[Wilfried.Weissmann@gmx.at: Bug#277534: hal: harddisk partition scan does not check harddisk size]

Kay Sievers kay.sievers at vrfy.org
Fri Oct 22 11:34:10 PDT 2004


On Fri, 2004-10-22 at 20:21 +0200, Wilfried Weissmann wrote:
> Kay Sievers wrote:
> > On Thu, Oct 21, 2004 at 08:12:49PM +0200, Wilfried Weissmann wrote:
> > 
> >>Kay Sievers wrote:
> >>
> >>>Hi Wilfried,
> >>>thanks for the report.  Is it possible to get a
> >>> hald --daemon=no --verbose=yes
> >>
> >>Hi,
> >>Output is attached...
> >>
> >>BTW: The IDE error appear only with udev. When I use devfs no error occurs.
> > 
> > 
> > HAL is not expected to work with devfs.  So this may be the reason not
> > to get the error :)
> > 
> > 
> >>>debug output?
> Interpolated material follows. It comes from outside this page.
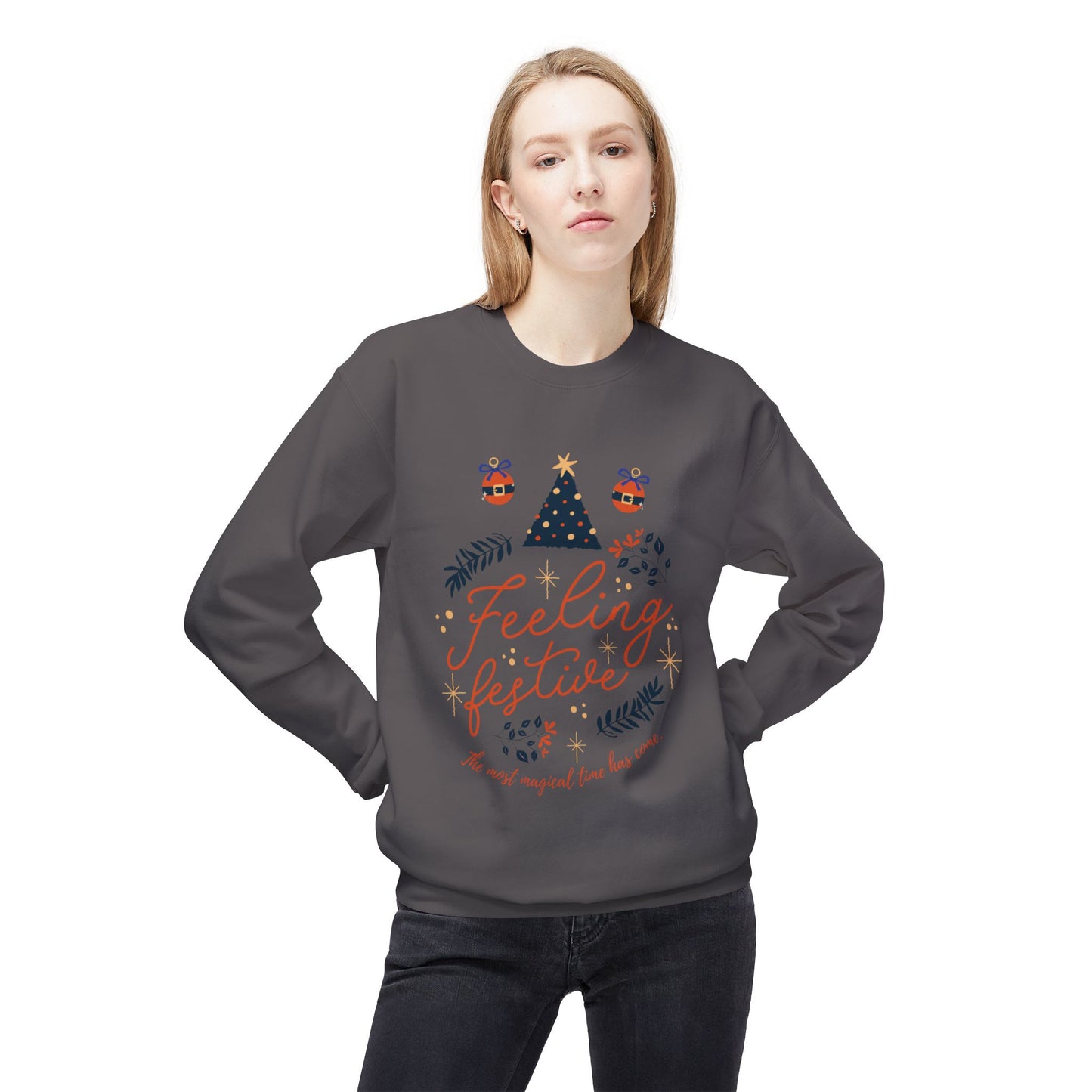 Festive Feeling Crewneck Sweatshirt, Cozy Holiday Sweatshirt, Christmas Gift, Unisex Fleece Pullover, Winter Apparel, Casual Wear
It would be nice to know, what exactly is going on here.
> > 
> > 
> >>20:03:33.017 [I] linux/osspec.c:756: handling /sys/block/hdg/hdg3 block
> >>20:03:33.019 [I] linux/block_class_device.c:592: volume.num_blocks = 578340
> >>20:03:33.019 [I] linux/block_class_device.c:600: volume.block_size = 512
> >>20:03:33.019 [I] linux/block_class_device.c:605: volume.size = 296110080
> >>20:03:33.019 [I] linux/volume_id/volume_id.c:202: get buffer off 0x11a50000, len 0x800
> >>20:03:33.020 [I] linux/volume_id/volume_id.c:237: read seekbuf off:0x11a50000 len:0x800
> >>20:03:44.955 [I] linux/volume_id/volume_id.c:241: got 0xffffffff (-1) bytes
> > 
> > 
> > There seems something wrong. We get a volume size of 296110080 bytes
> > from the kernel, but if we seek to 296026112 we get an error.
> > 
> > What is the actual size of the volume?
> 
> Hi,
> 
> The partition size is correct but the partition is physically not on 
> that device. The first raid device contains the partition table at the 
> same position where the kernel expects the table of the standalone 
> harddisk (bad, bad policy from highpoint-tech). The kernel just does not 
> know that this disk is part of a raid volume and it provides block 
> devices for hdg1-3.
> The partition table is valid for the raid volume but not for hdg.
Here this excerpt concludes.